§ What you need to do
Go to the line containing "5 Lacrosse Street Gallery 23" in the records below and print it and every following line exactly, on through the line containing "Super Zentral Super", then stop.

§ Data excerpts
◆ ◆ ◆ ◆ ◆ ◆ ◆

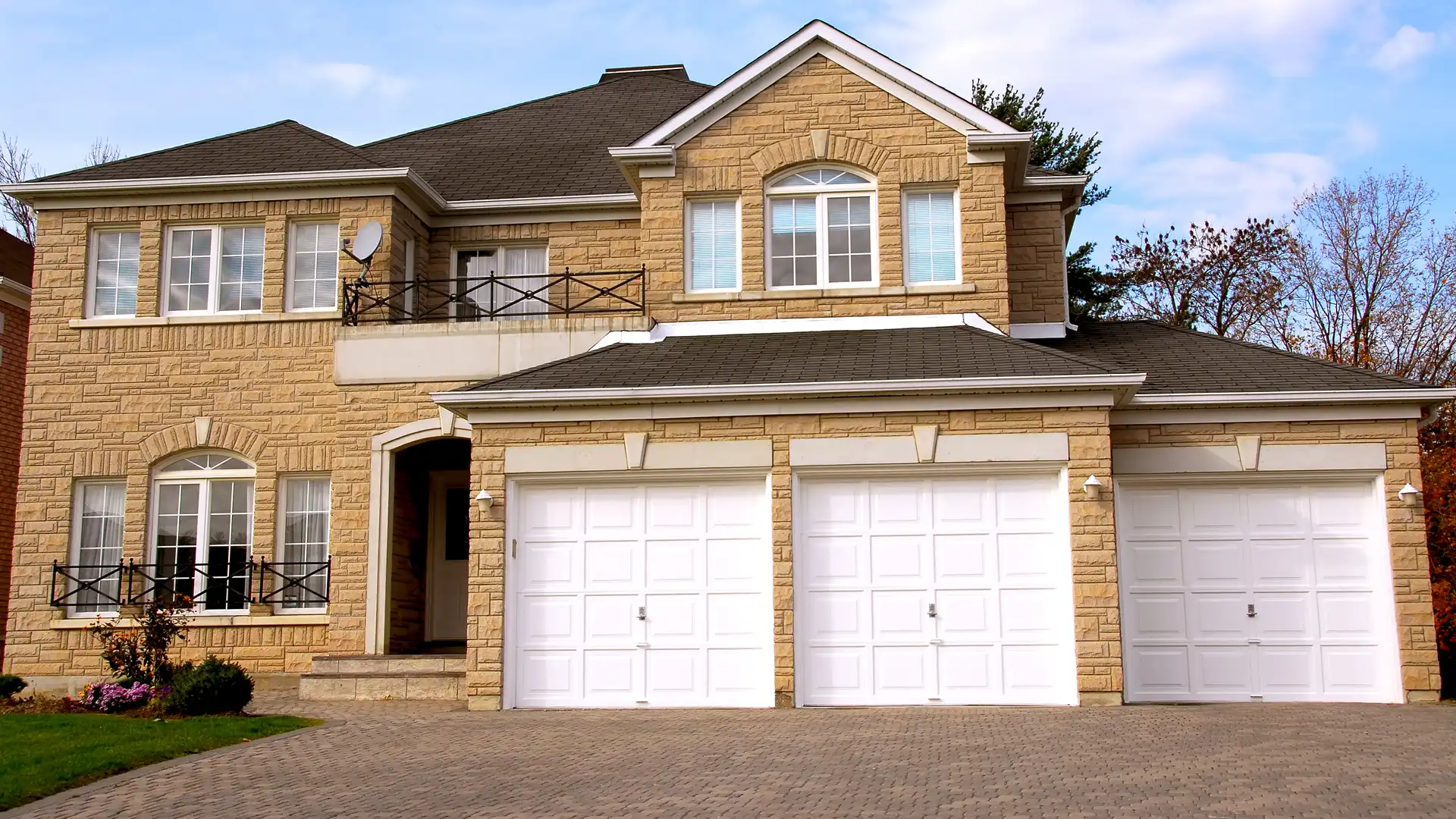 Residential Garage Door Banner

◆ ◆ ◆ ◆ ◆ ◆ ◆

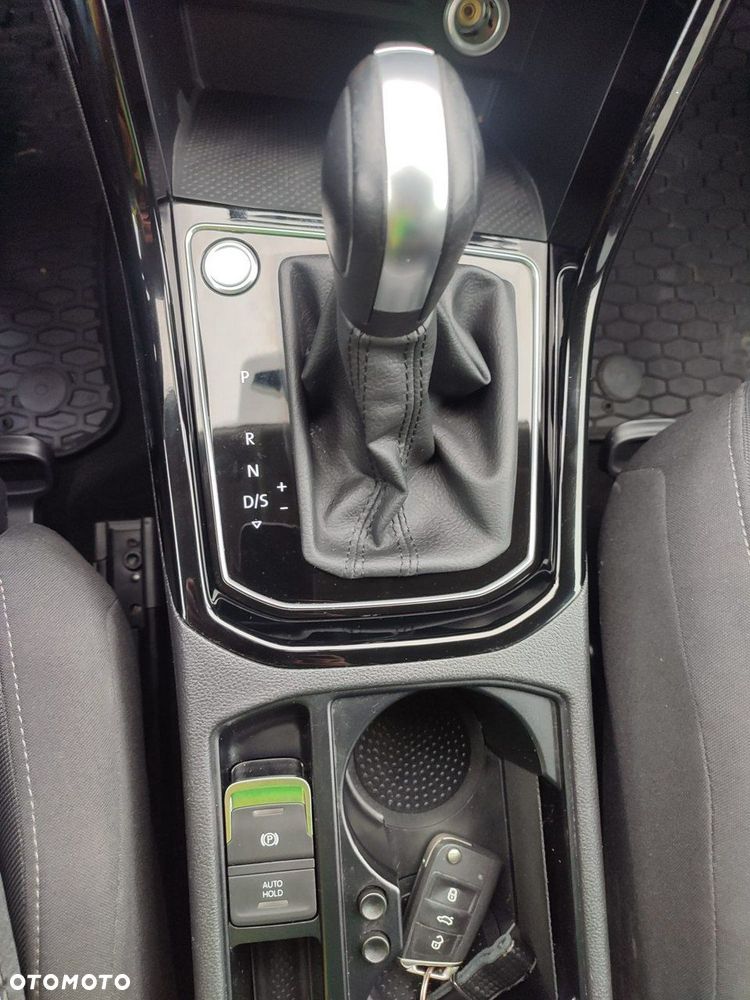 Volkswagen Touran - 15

◆ ◆ ◆ ◆ ◆ ◆ ◆

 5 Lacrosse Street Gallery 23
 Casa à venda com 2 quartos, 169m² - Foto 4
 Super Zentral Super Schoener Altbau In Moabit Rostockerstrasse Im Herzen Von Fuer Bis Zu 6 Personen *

◆ ◆ ◆ ◆ ◆ ◆ ◆

§ Output
 5 Lacrosse Street Gallery 23
 Casa à venda com 2 quartos, 169m² - Foto 4
 Super Zentral Super Schoener Altbau In Moabit Rostockerstrasse Im Herzen Von Fuer Bis Zu 6 Personen *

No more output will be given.